Ces couleurs de base étaient souvent mélangées, diluées ou combinées autrement pour créer des couleurs telles que le violet, le rose, le turquoise, l'or, l'argent et d'autres teintes. Les artistes n'étaient pas liés par les minéraux à l'origine de leurs peintures, mais seulement par leur imagination et leur talent dans la création des couleurs dont ils avaient besoin pour raconter leurs histoires.
Couleurs en contexte
Les considérations esthétiques étaient d'une grande importance pour les Égyptiens. Leur art et architecture se caractérisent par la symétrie et même leur système d'écriture, les hiéroglyphes, fut établi en tenant compte de la beauté visuelle en tant qu'aspect intégral de sa fonction. En lisant les hiéroglyphes, on comprend le sens en notant dans quelle direction les personnages sont orientés; s'ils sont orientés vers la gauche, on lit vers la gauche et, s'ils vont vers le haut, le bas ou à droite, on lit dans le sens de ces directions. La direction des chiffres fournit le contexte du message et permet donc de comprendre ce qui est dit.
De même, la couleur de l'art égyptien doit être interprétée en contexte. Dans un certain tableau, le rouge peut symboliser le mal ou la destruction, mais la couleur ne doit pas toujours être interprétée instantanément dans ce sens. Le noir est une couleur souvent mal interprétée dans l'art égyptien en raison de l'association moderne du noir au mal. Des images de Toutankhamon, trouvées dans sa tombe, le représentent parfois à la peau noire et celles-ci étaient à l'origine associées à la mort et au chagrin par les premiers archéologues interprétant les trouvailles; bien que l'association avec la mort soit correcte, et le chagrin accompagnait la perte de quiconque dans l'Égypte ancienne comme aujourd'hui, une interprétation appropriée serait l'association de Toutankhamon dans la mort avec Osiris et le concept de renaissance et de résurrection.
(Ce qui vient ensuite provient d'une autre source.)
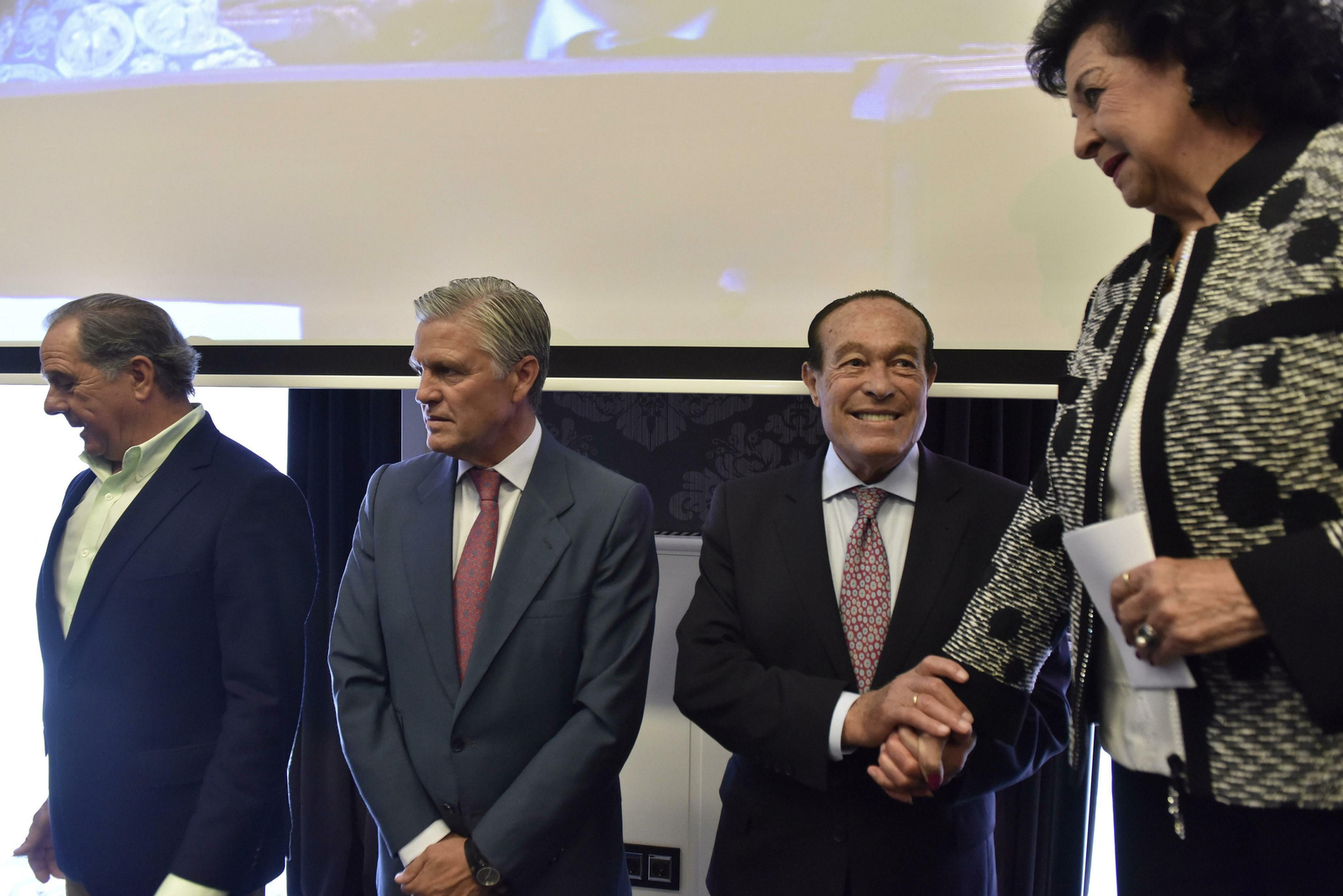 Ojeda, Espartaco y Romero, con Pilar Cañas, viuda de Ramón Vila Giménez Ojeda, Espartaco y Romero, con Pilar Cañas, viuda de Ramón Vila Giménez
Le blanc conserve la même signification à l'heure actuelle que pour les anciens Égyptiens mais, comme on l'a noté, doit également être interprété dans son contexte. La robe blanche d'Isis signifiait la pureté et le sacré mais la jupe blanche de Seth était tout simplement une représentation de la façon dont un égyptien s'habillait. Le fait de connaître le symbolisme des couleurs égyptiennes et la raison pour laquelle elles étaient couramment utilisées, permet une meilleure appréciation de l'art égyptien et une compréhension plus claire du message que ces artistes de l'antiquité essayèrent de transmettre.